LLMs usually require specific APIs to couple with non-semantic information technology. Our top semantic abstraction level with its bidirectional semantic information flow enables high-cohesion loose coupling30,31 of semantic and non-semantic information technologies and serves at the same time to inform the human user about the system’s processes. It also enables ‘interface reversal,’ where LLMs and expert systems can either actively engage with and utilize any connected application modules, or the application modules themselves can access AI capabilities. For instance, conventional software can leverage AI for advanced tasks, such as data interpretation or decision support, while AI can call semantically upon these tools for operations like data formatting or numerical processing.

To archive this, all application modules of the study software communicate semantically through the paradigm-integrating platform. For this, the platform uses a universal messaging protocol, recursive universal objects, and a central ‘blackboard’48 acting as a shared information space and common ground49. The seamless semantic communication across paradigms (Fig. 1a) enables e.g. numerical procedures working on a low level of abstraction to ask for support from higher levels of abstraction, e.g. the expert system, for making decisions about details of their own use in a self-referencing procedure50. Algorithms at the procedural abstraction level can therefore adapt at runtime to a given context or to the intent of a computation that can only be inferred at a higher level of abstraction.

Vice versa, processes on a higher level of abstraction can easily access functionality of their choice from lower levels to obtain information they need or to process data as needed for reaching a given goal. Consistently, the platform uses the same design patterns for cross-paradigm access to a graphical user interface or even to APIs for third-party applications such as GPT-4. Information coming from or being send to other digital applications and databases is always first handled at its native abstraction level and then made accessible to applications working at lower or higher levels.

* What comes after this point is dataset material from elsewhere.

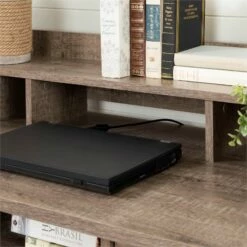 Bowery Hill Wood 3-Drawer Computer Desk With Hutch In Weathered Oak -CYMAX Sales 2405075 34 L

The application modules handle tasks such as text extraction, data pre-processing, and report generation (Supplementary Table S1). All modules exchange information along with meta-information51, such as AI reasoning and data origin. Unlike in most conventional software, information and associated meta-information persists and remains accessible to all subsystems at all abstraction levels, even when the subsystems themselves lack semantic capabilities. Finally, the ‘agent’ software design pattern52 and the data, context, and interaction paradigm53 bestow agency onto parts of the system. Supplementary Table S1 explains the various concepts of the software.

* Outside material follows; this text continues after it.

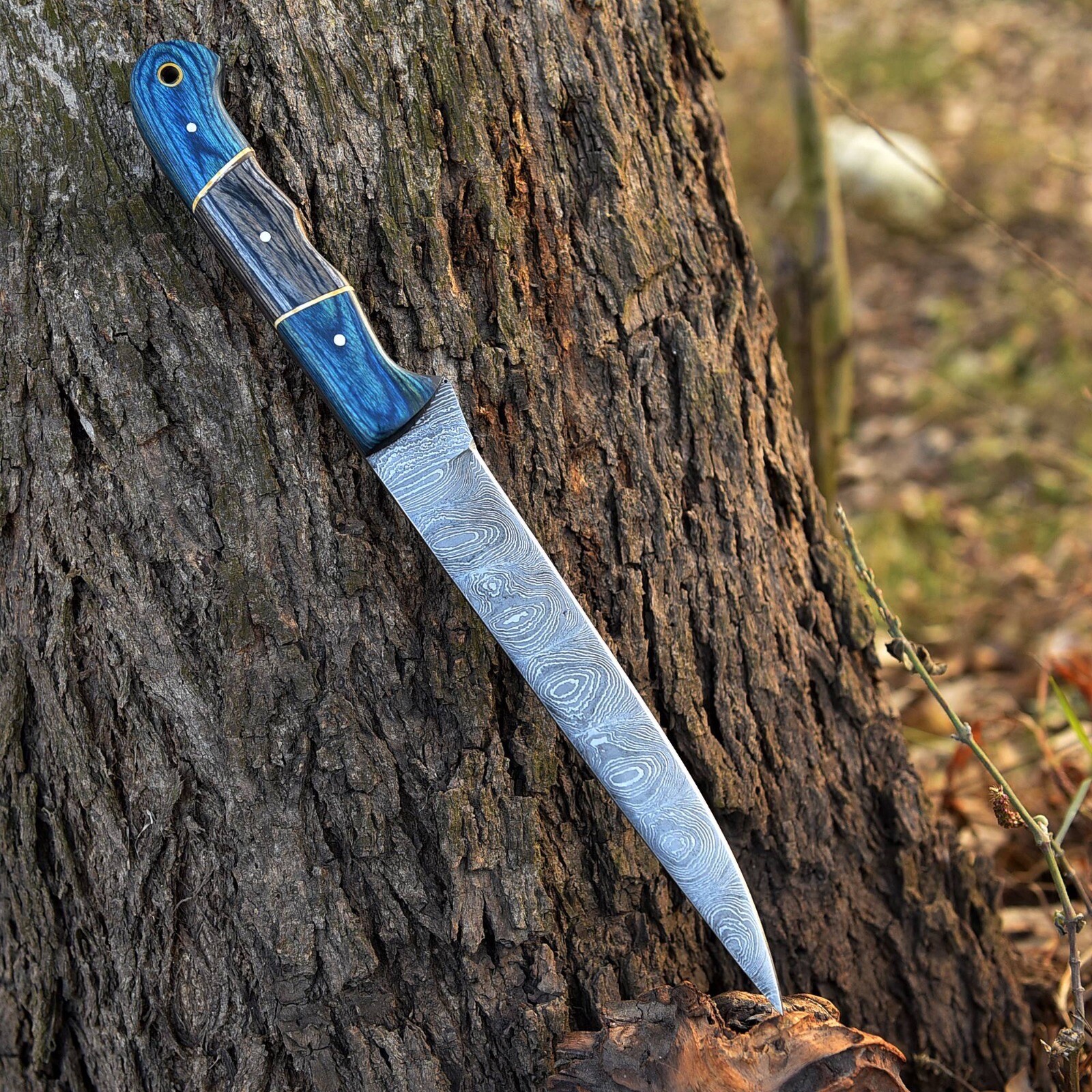Damascus Fish Fillet Kitchen Knife 12” Damascus Steel Blade Blue Wood Handle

Expert system implementation

The NLP expert system Plato-3 in Prolog21 is an integral part of RUDS. Plato-3 communicates semantically with GPT-4 and the other required application modules, and its rule base realizes the ontology software paradigm54. Plato-3 speaks a distinct German subset of natural language for oncologic PET reports, using the definite clause grammar formalism55. The recursively enumerable language spans the full Chomsky hierarchy of formal grammar classes56. Consequently, Plato-3 accepts unknown words from GPT-4 but provides a defined language set to GPT-4 for unambiguous communication between the two different AI concepts. This semantic unification32 ensures that the two AI systems, despite operating with different internal representations and reasoning methods, share a common semantic framework for consistent and unambiguous communication, thereby realizing the neuro-symbolic paradigm (Fig. 1a).

Plato-3’s ontology contains facts along with their logical relations, rules, and problem-solving methods20. In logic, a fact is a statement that is unequivocally true within a given domain, such as ‘Patient X’s report mentioned a relapse.’ A rule is a conditional statement that connects facts and enables reasoning or inference, such as ‘If a relapse is mentioned, then the PET/CT report is classified as ‘no PTS’.’ These constructs allow Plato-3 to use recursive first-order predicate logic for reasoning and deriving new facts and knowledge from already existing facts47.

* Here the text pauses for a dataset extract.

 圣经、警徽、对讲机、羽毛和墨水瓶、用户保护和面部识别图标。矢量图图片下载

Here, the ontology encompasses clinical guidelines for anonymization, study inclusion (Fig. 2), identifying pathological reports, and determining correct prostate-specific antigen (PSA) values. The ontology can integrate new facts and rules from various modules, expressed in natural or symbolic language, enabling self-modification50.

Fig. 2: Simplified excerpt of the Plato-3 ontology used to detect PTS reports.
figure 2

Start 1 yields an initial set of meta-facts, which are re-checked after Start 2. Rhomboids depict fact checking within a rule. Light-green/red nodes mark intermediate reasoning states that create additional facts; dark-green/red nodes mark final verdicts. Fall-back rules are omitted for clarity but would result in “PTS status could not be established” with an accordant reasoning (such as “data missing”). Example – Rule “No PTS 1”: If the patient has undergone radical prostatectomy and no rPC was diagnosed initially in the 80 days before the PET examination, primary-tumor staging is ruled out. In contrast, Rule “No PTS 5” reads: If rPC was diagnosed initially in the 80 days before the PET examination, PTS is still possible. The final confirmation would then be done here with rule PTS7. ADT androgen deprivation therapy, PET positron emission tomography, PSA prostate-specific antigen, rPC recurrent prostate cancer, RPE radical prostatectomy; TNM = Classification of malignant tumours with tumour size (T), lymph nodes (N), and distant metastases (M), c-modifier indicates that stage was tumour stage was determined before treatment.

Study aims and workflow

We tasked the system with extracting 26 study parameters (Table 1) from the manually pre-anonymized and codified 206 PET-reports and answer three main study questions, relevant for patient inclusion and aims of the reference study42. The first study question concerned study inclusion: Does the properly anonymized report describe rPC after radical prostatectomy or PTS (Parameter 9)? The second study question concerned identifying reports mentioning pathology: Was a pathology found by the PSMA PET/CT, was it rPC, and how many tumour locations were found (Parameter 10)? The third study question concerned PSA-levels mentioned in the reports: What was the PSA-level measured at the time closest before the PET/CT scan, and what was the time interval between the PSA and the PET scan (Parameters 5 and 6)?

The answers to these three main study questions could not be simply parsed from the reports by the AI but required inference from other study parameters. To this end, Plato-3 inferred study parameters 1 to 10 from logical relations between already detected study parameters, while extracting parameters 11 to 26 primarily involved parsing and structuring text by GPT-4 and did not require expert system inference (Table 1). This proceeding reflects the division of labour between the two different AI types.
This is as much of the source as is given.